Et comment peut-il gérer ses pulsions ?

Toujours en donnant du sens à sa sexualité. En développement la relation avec la personne aimée qui est quelque chose de bien plus riche que l’acte sexuel isolé. L’organe le plus important de la relation sexuelle, c’est le cerveau, autant chez l'homme que chez la femme. C'est lui qui donne l'ordre aux gonades sexuelles (testicules et ovaires) et aux glandes surrénales de commencer la fabrication des hormones à la puberté, c'est lui aussi qui va gérer les pulsions sexuelles qui sont des pulsions de vie, et c'est encore lui qui est le lieu de l'attirance et du désir sexuels.
Etre heureux, c'est tenter d'unifier ces trois dimensions du corps, du cœur et du cerveau. Quand nous sommes malheureux, c'est souvent parce que nous sommes divisés. Dans la pornographie par exemple, le corps devient un objet de jouissance et pour la jouissance, il ignore la dimension du cœur et du cerveau.

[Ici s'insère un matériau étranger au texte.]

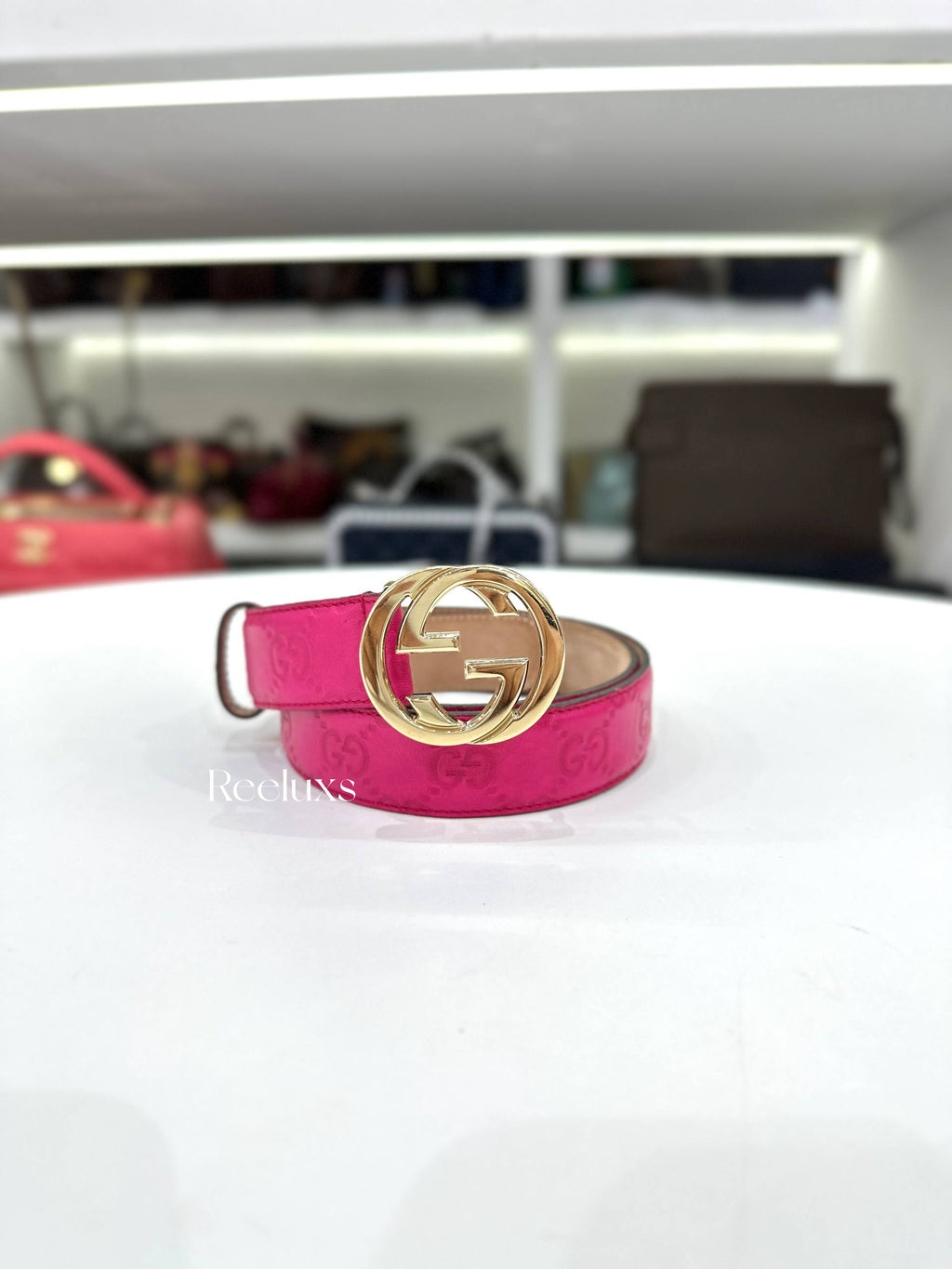 GUCCI Guccissima Leather Interlocking G Belt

Que faire pour que ces premières relations soient heureuses ?

D’abord, prendre son temps. Il faut du temps pour construire une relation, pour vérifier ses sentiments, pour découvrir la personnalité de l’autre, ses différences. Plus on aura pris son temps, en passant par les étapes du flirt, du baiser, plus la sexualité sera satisfaisante. Plus une jeune femme se sentira aimée et respectée, plus elle sera en confiance et pourra s’abandonner. Et même si les premières relations sexuelles ne sont pas totalement réussies, le couple qui s’aime a tout son temps pour "trouver sa propre musique" en construisant sa relation. Et puis l’amour du couple se nourrit aussi d’autres éléments.

Lesquels ?

Si on le compare l'amour du couple à une fleur, on peut dire que la vie sexuelle est un pétale, l'attirance et le désir sexuel un deuxième pétale, le plaisir d'être ensemble et d'en jouir le troisième, mais il y en a d'autres tout aussi importants : celui de l’engagement - je suis l'élu (e), j'existe pour l'autre, je suis reconnu(e), je compte pour lui/pour elle, je compte sur elle/sur lui, il peut compter sur moi et je compte sur lui/sur elle -, celui de la fécondité - donner la vie ensemble à des enfants, mais aussi à des projets, faire ensemble, construire ensemble -, celui de la fidélité, et enfin le dernier pétale, celui de l'exclusivité : je choisis un homme et je renonce aux autres, je choisis une femme et je renonce aux autres ainsi je deviens l'unique de l'autre…

Que dire à ceux ou celles qui ont peur de ne pas être à la hauteur ou qui ont été blessés par de premières expériences ?

Parfois, nous sommes allés plus vite que la musique parce que nos pulsions sexuelles sont très vives et peuvent mettre notre corps comme "en ébullition" parce qu'on ne savait pas comment faire. Parfois on n'ose pas en parler. Parce que nous étions dans l'ignorance, nous tâtonnions, nous cherchions et parfois les découvertes ne sont pas heureuses... En étant philosophes nous pourrions dire que c'est la vie et ses quêtes ! Les choses de la vie prennent du temps.

Bien sûr, cela peut être angoissant d'avoir l'impression d'avoir été le "jouet" de l'autre, il y a eu un malentendu et cela peut nous pousser à recommencer, pour vérifier que l'on peut séduire encore et toujours, parfois aussi pour faire "payer à l'autre" ses propres déceptions et déboires. A notre tour on "se joue de l'autre". Soit au contraire, on peut être comme "bloqué(e), freiné(e)" avec la peur "de ne pas y arriver" ou alors on a peur de souffrir, de se tromper et c'est une façon de se protéger.

Il y a aussi ceux et celles qui pensent que cela se passera bien avec l'homme ou la femme de leur vie parce qu'ils auront multiplié les expériences ou regarder des films à caractère pornographique ; c'est tout le contraire : il n'y a pas d'urgence ! L'amitié et l'amour ne tombent pas du ciel. Cela se construit tranquillement jour après jour, un peu comme notre maturité affective qui grandit et s'embellit avec le temps si on la cultive.